No, Budziszewski is right: Something's happened. "We became the sort of people who endure the abominable touch." We have become reprobates. People who endure the abominable touch are going to be desensitized to the natural moral law which witnesses against such abominations. Their rough calloused heart will suppress the law of God in their hearts.

St. Paul spoke of this phenomenon long ago to a pagan world that, similarly to hours, had "endured the abominable touch," and thus inured their inner ear against the voice the law of God in the hearts.

For professing themselves to be wise, they became fools. And they changed the glory of the incorruptible God into the likeness of the image of a corruptible man, and of birds, and of fourfooted beasts, and of creeping things. Wherefore God gave them up to the desires of their heart, unto uncleanness, to dishonour their own bodies among themselves. Who changed the truth of God into a lie; and worshipped and served the creature rather than the Creator, who is blessed for ever. Amen.

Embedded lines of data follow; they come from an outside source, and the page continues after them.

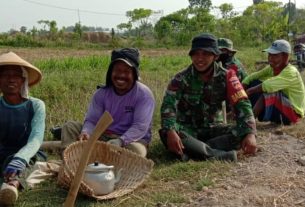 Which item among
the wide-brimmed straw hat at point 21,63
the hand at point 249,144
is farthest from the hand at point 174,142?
the wide-brimmed straw hat at point 21,63

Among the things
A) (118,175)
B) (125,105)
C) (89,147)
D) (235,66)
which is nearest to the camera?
(89,147)

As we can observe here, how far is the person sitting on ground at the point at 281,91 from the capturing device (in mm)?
5297

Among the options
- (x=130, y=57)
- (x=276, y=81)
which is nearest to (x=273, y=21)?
(x=276, y=81)

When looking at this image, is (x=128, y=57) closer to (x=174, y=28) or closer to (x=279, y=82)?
(x=279, y=82)

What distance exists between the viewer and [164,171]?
3.83m

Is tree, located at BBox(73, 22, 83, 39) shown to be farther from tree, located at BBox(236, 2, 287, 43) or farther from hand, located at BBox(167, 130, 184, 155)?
hand, located at BBox(167, 130, 184, 155)

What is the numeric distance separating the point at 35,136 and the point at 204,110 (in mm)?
1663

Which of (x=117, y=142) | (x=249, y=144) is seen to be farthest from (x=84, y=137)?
(x=249, y=144)

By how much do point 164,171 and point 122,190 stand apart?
1.85ft

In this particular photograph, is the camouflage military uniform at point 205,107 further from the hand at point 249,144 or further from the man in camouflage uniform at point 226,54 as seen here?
the man in camouflage uniform at point 226,54

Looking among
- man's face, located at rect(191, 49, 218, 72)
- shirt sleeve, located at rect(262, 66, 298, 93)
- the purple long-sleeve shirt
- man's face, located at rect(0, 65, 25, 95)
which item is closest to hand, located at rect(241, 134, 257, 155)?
man's face, located at rect(191, 49, 218, 72)

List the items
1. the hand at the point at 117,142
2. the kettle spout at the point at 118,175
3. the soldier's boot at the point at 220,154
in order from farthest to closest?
the soldier's boot at the point at 220,154
the hand at the point at 117,142
the kettle spout at the point at 118,175

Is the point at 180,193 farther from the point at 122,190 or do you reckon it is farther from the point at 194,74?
the point at 194,74

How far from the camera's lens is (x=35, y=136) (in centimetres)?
363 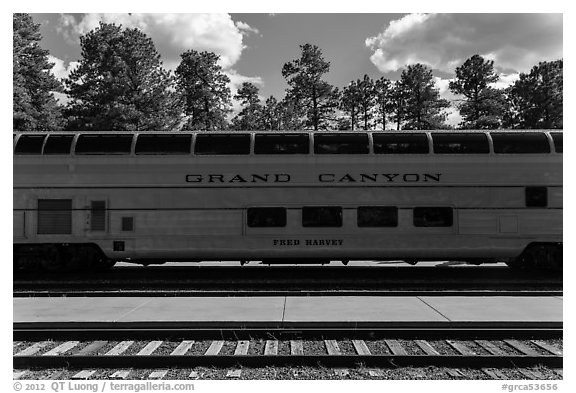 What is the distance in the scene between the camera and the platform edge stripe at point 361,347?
19.7 feet

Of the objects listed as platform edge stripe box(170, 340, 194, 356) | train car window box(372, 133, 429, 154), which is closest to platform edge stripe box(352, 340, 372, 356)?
platform edge stripe box(170, 340, 194, 356)

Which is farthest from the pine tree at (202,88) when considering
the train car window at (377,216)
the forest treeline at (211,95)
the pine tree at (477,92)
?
the train car window at (377,216)

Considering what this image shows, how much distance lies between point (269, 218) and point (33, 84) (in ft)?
107

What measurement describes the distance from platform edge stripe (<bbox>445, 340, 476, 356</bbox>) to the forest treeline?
1138 inches

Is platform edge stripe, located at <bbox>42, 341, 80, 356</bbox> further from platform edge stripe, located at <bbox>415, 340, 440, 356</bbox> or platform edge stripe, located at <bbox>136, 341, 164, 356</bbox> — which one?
platform edge stripe, located at <bbox>415, 340, 440, 356</bbox>

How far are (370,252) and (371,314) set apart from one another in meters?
4.27

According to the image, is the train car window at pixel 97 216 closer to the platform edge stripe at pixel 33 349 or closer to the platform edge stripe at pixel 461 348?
the platform edge stripe at pixel 33 349

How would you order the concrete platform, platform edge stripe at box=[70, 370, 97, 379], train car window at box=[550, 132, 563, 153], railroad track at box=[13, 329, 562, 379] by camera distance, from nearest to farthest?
platform edge stripe at box=[70, 370, 97, 379] < railroad track at box=[13, 329, 562, 379] < the concrete platform < train car window at box=[550, 132, 563, 153]

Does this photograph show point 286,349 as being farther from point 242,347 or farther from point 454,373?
point 454,373

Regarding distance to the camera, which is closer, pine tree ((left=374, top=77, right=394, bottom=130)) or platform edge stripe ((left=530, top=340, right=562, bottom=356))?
platform edge stripe ((left=530, top=340, right=562, bottom=356))

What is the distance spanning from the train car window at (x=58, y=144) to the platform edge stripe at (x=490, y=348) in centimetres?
1108

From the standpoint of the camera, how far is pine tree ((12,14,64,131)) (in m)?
29.6

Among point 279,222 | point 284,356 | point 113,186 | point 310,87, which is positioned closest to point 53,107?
point 310,87

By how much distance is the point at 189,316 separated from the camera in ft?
24.3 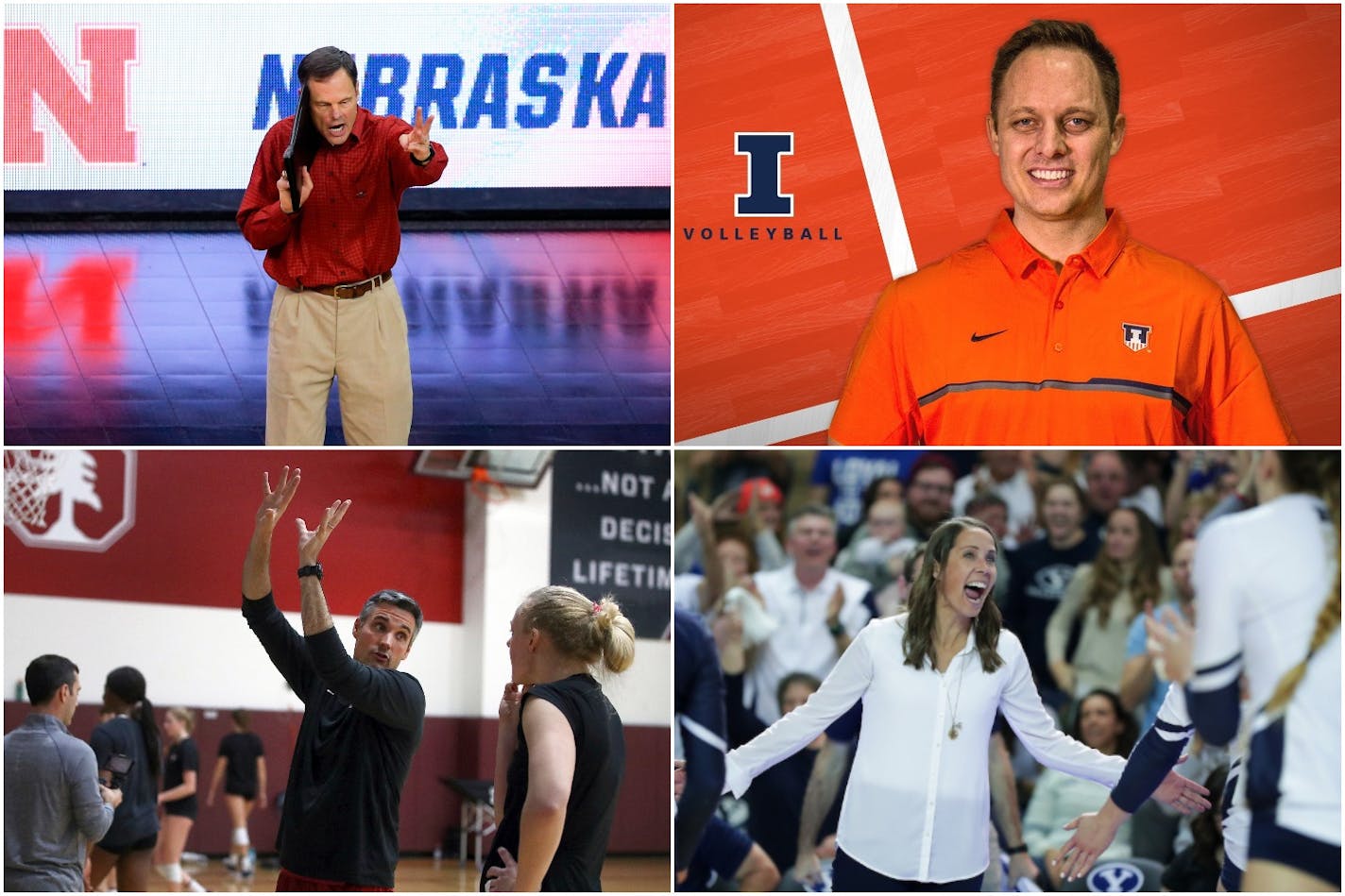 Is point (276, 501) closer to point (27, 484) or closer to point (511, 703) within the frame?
point (27, 484)

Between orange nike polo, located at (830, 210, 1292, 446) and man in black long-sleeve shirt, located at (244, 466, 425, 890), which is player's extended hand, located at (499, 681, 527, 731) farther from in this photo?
orange nike polo, located at (830, 210, 1292, 446)

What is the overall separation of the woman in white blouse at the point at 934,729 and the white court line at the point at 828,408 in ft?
1.58

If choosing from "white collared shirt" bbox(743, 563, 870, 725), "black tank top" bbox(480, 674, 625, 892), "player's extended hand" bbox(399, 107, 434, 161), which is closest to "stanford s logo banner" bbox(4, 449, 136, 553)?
"player's extended hand" bbox(399, 107, 434, 161)

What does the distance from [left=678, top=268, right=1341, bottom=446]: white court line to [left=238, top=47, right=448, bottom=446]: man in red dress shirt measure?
0.92 m

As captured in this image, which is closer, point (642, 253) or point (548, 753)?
point (548, 753)

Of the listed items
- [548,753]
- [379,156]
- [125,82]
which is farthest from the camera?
[125,82]

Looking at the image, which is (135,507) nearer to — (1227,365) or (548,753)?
(548,753)

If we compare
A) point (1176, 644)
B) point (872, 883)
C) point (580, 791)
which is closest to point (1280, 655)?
point (1176, 644)

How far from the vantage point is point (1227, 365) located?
4438 millimetres

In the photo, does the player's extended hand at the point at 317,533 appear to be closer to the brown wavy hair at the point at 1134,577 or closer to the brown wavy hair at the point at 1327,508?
the brown wavy hair at the point at 1134,577

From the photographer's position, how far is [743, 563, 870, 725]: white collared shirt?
449 centimetres

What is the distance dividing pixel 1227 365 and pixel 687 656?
1.70 metres

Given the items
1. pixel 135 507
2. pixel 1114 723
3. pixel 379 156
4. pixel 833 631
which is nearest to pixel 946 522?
pixel 833 631

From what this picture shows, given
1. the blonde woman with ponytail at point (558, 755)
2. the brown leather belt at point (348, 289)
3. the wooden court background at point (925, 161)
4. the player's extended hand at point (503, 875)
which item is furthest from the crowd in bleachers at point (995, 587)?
the player's extended hand at point (503, 875) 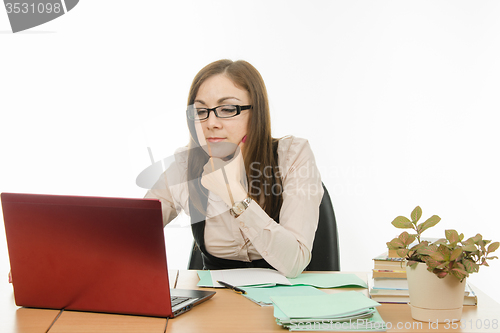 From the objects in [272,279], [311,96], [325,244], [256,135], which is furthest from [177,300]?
[311,96]

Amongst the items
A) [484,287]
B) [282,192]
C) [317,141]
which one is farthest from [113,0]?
[484,287]

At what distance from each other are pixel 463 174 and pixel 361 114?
71 cm

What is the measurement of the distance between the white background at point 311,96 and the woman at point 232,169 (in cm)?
75

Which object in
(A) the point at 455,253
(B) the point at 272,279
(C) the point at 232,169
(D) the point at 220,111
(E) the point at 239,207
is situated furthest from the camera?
(D) the point at 220,111

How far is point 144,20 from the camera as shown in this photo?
276 cm

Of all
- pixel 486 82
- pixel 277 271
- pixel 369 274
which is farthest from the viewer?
pixel 486 82

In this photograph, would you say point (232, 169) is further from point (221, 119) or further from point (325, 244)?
point (325, 244)

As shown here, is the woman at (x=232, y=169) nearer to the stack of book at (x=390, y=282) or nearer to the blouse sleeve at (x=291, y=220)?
the blouse sleeve at (x=291, y=220)

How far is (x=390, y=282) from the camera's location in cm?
103

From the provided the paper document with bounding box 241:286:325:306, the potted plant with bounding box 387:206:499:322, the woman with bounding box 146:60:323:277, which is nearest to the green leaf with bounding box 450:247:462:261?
the potted plant with bounding box 387:206:499:322

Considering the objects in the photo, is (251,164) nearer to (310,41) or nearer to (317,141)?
(317,141)

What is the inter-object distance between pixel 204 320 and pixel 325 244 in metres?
0.83

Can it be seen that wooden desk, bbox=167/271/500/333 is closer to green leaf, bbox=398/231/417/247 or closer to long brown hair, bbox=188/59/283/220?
green leaf, bbox=398/231/417/247

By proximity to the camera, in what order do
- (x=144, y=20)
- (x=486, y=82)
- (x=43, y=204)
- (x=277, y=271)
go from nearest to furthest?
(x=43, y=204) < (x=277, y=271) < (x=486, y=82) < (x=144, y=20) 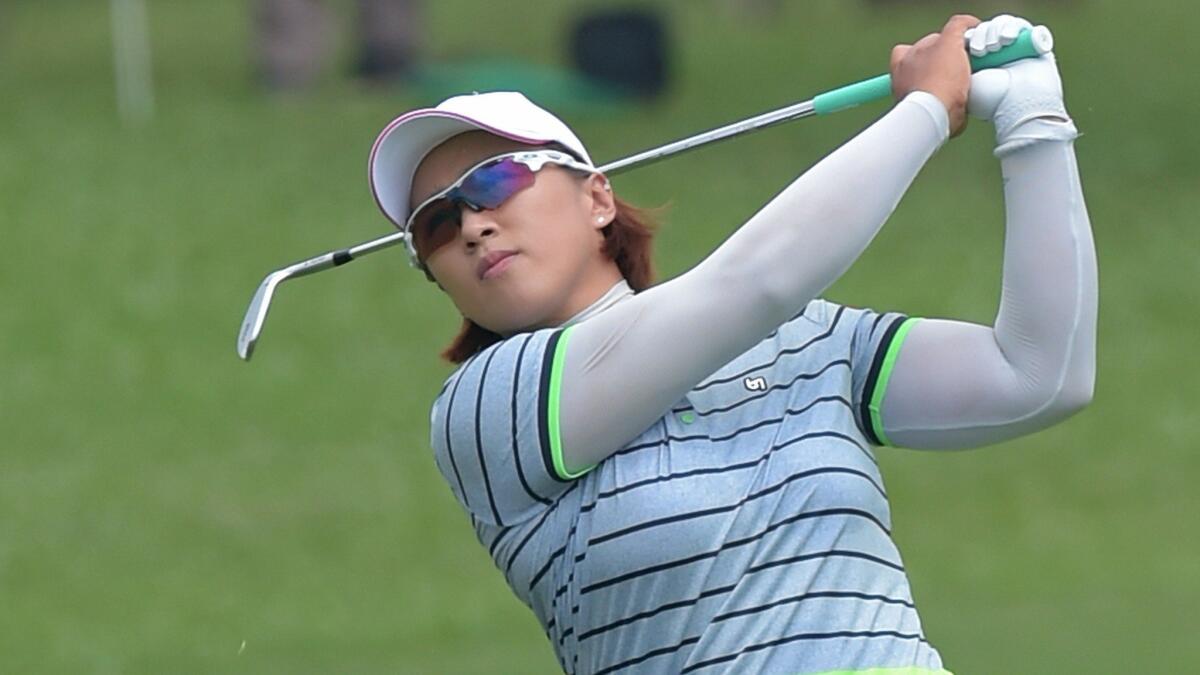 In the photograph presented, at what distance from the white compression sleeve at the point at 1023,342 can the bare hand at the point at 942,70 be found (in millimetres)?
99

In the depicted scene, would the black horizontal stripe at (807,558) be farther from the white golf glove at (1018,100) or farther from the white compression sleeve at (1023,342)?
the white golf glove at (1018,100)

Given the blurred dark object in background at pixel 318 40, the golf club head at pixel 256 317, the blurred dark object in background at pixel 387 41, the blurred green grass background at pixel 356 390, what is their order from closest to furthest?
the golf club head at pixel 256 317, the blurred green grass background at pixel 356 390, the blurred dark object in background at pixel 318 40, the blurred dark object in background at pixel 387 41

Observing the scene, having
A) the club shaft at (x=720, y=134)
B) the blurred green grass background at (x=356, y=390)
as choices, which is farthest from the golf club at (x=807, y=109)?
the blurred green grass background at (x=356, y=390)

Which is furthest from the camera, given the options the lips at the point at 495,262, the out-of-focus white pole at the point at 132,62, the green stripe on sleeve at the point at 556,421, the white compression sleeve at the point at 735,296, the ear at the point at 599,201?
the out-of-focus white pole at the point at 132,62

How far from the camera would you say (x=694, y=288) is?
2.84 metres

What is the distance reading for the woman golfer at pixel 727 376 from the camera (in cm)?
285

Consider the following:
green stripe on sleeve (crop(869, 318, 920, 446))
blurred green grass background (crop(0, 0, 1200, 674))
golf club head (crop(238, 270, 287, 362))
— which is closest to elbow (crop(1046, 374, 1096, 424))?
green stripe on sleeve (crop(869, 318, 920, 446))

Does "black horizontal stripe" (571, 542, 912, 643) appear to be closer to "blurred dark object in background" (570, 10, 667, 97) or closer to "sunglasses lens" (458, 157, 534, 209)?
"sunglasses lens" (458, 157, 534, 209)

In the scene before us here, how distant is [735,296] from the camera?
281 centimetres

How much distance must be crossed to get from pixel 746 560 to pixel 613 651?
20 centimetres

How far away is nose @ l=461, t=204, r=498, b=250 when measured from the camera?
3.03 metres

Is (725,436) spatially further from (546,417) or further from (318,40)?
(318,40)

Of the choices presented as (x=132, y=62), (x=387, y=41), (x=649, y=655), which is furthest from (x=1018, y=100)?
(x=132, y=62)

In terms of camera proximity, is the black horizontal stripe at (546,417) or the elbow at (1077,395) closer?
the black horizontal stripe at (546,417) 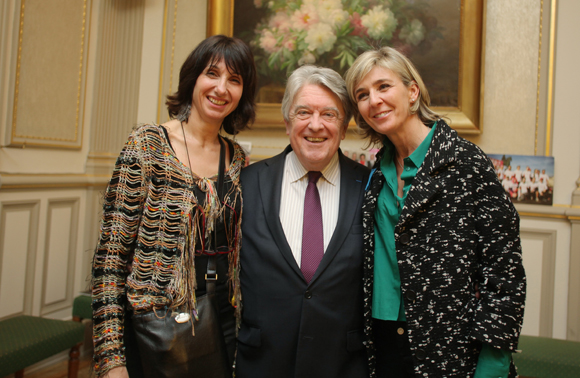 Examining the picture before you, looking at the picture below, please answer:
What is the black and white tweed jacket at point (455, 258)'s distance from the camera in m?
1.23

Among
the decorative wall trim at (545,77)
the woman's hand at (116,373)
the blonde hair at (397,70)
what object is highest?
the decorative wall trim at (545,77)

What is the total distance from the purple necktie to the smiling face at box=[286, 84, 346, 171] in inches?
5.1

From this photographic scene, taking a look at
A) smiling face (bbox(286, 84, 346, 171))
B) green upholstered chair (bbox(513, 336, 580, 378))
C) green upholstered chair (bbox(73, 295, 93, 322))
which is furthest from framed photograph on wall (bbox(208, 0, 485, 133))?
green upholstered chair (bbox(73, 295, 93, 322))

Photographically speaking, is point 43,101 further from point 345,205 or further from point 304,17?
point 345,205

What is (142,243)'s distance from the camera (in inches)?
54.4

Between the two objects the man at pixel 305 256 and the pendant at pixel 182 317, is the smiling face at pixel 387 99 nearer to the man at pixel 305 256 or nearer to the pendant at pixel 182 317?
the man at pixel 305 256

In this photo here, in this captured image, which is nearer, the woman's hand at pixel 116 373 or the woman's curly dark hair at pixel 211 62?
the woman's hand at pixel 116 373

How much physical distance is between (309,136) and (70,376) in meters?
2.22

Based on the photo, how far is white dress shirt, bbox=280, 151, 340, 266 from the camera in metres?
1.53

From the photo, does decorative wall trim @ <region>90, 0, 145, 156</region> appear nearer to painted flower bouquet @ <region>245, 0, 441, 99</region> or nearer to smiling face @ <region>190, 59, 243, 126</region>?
painted flower bouquet @ <region>245, 0, 441, 99</region>

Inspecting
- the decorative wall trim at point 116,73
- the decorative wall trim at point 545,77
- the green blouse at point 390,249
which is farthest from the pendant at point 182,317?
the decorative wall trim at point 545,77

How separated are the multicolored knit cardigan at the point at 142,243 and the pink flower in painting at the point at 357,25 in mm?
2344

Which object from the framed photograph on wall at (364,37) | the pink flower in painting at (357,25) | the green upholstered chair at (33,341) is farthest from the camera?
the pink flower in painting at (357,25)

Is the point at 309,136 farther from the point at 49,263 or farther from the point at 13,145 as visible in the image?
the point at 49,263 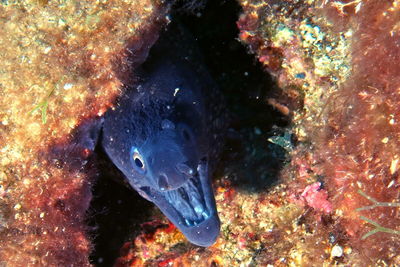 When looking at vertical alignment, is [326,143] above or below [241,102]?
above

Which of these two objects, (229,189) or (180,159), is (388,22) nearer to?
(180,159)

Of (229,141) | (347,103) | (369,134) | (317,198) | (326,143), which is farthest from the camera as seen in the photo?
(229,141)

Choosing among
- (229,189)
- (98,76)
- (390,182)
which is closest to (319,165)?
(390,182)

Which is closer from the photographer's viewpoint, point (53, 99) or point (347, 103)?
point (347, 103)

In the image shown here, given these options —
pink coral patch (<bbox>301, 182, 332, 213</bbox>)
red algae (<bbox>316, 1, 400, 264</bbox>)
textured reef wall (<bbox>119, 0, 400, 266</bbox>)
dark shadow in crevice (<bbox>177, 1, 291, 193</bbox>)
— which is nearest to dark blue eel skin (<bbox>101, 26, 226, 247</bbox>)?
dark shadow in crevice (<bbox>177, 1, 291, 193</bbox>)

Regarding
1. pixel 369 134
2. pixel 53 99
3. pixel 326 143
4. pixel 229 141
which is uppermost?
pixel 53 99

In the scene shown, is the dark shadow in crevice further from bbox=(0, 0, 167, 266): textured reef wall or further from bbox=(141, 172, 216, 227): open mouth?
bbox=(0, 0, 167, 266): textured reef wall

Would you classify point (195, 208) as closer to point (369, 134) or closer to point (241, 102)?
point (369, 134)

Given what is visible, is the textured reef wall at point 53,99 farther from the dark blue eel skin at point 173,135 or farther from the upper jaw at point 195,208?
the upper jaw at point 195,208

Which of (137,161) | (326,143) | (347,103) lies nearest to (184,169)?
(137,161) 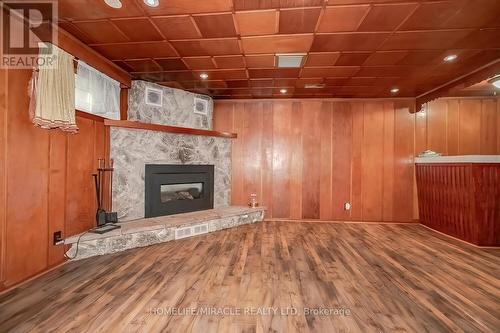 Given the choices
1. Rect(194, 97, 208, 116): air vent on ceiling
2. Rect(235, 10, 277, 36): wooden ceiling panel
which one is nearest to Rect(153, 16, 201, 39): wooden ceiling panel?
Rect(235, 10, 277, 36): wooden ceiling panel

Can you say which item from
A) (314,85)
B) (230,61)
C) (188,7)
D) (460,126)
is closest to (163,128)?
(230,61)

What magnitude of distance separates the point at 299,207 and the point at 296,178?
627 millimetres

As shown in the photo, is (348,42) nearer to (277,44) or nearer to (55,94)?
(277,44)

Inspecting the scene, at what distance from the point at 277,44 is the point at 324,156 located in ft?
9.35

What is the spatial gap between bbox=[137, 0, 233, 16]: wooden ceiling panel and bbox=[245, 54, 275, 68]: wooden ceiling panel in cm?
99

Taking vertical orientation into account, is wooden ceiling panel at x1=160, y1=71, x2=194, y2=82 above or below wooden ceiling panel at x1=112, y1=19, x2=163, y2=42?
above

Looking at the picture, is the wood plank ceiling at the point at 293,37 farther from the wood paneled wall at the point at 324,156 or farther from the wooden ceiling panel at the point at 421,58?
the wood paneled wall at the point at 324,156

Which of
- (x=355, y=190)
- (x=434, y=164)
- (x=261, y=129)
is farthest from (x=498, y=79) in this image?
(x=261, y=129)

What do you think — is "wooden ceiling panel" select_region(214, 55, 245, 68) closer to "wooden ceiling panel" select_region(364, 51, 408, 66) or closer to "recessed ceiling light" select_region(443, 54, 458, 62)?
"wooden ceiling panel" select_region(364, 51, 408, 66)

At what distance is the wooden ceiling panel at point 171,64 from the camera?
3.23 meters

For this cause God delivered them up to shameful affections. For their women have changed the natural use into that use which is against nature. And, in like manner, the men also, leaving the natural use of the women, have burned in their lusts one towards another, men with men working that which is filthy, and receiving in themselves the recompense which was due to their error. And as they liked not to have God in their knowledge, God delivered them up to a reprobate sense, to do those things which are not convenient; Being filled with all iniquity, malice, fornication, avarice, wickedness, full of envy, murder, contention, deceit, malignity, whisperers, detractors, hateful to God, contumelious, proud, haughty, inventors of evil things, disobedient to parents, foolish, dissolute, without affection, without fidelity, without mercy. Who, having known the justice of God, did not understand that they who do such things, are worthy of death; and not only they that do them, but they also that consent to them that do them.
(Rom. 1:23 ff.)

The reprobates and their bombast rule, and they issue morals founded on a false coin, a coin of reprobate silver, and we trade in a moral specie stamped from lead. (cf. Jer. 6:30). And what seems true in economics has its analogy in the moral realm. For Gresham's law appears operative in both worlds: bad money drives out good money, and so does reprobate morality drive out the good. That this is the case was perceived as early as in Aristophanes (ca. 446 – ca. 386 B.C.), who in his play, "The Frogs" observed:
You know what I often think:
We treat our best men
The way we treat our mint
The silver and the golden
We were proud to invent
These unalloyed
Genuine coins, no less,
Ringing true and tested
Both abroad and [in] Greece
And now they're not employed
As if we were disgusted
And want to use instead
These shoddy coppers minted
Only yesterday
Or the day before
(as if that matters).
Aristophanes: The Complete Plays, trans. Paul Roche, (New American Library: 2005), 573.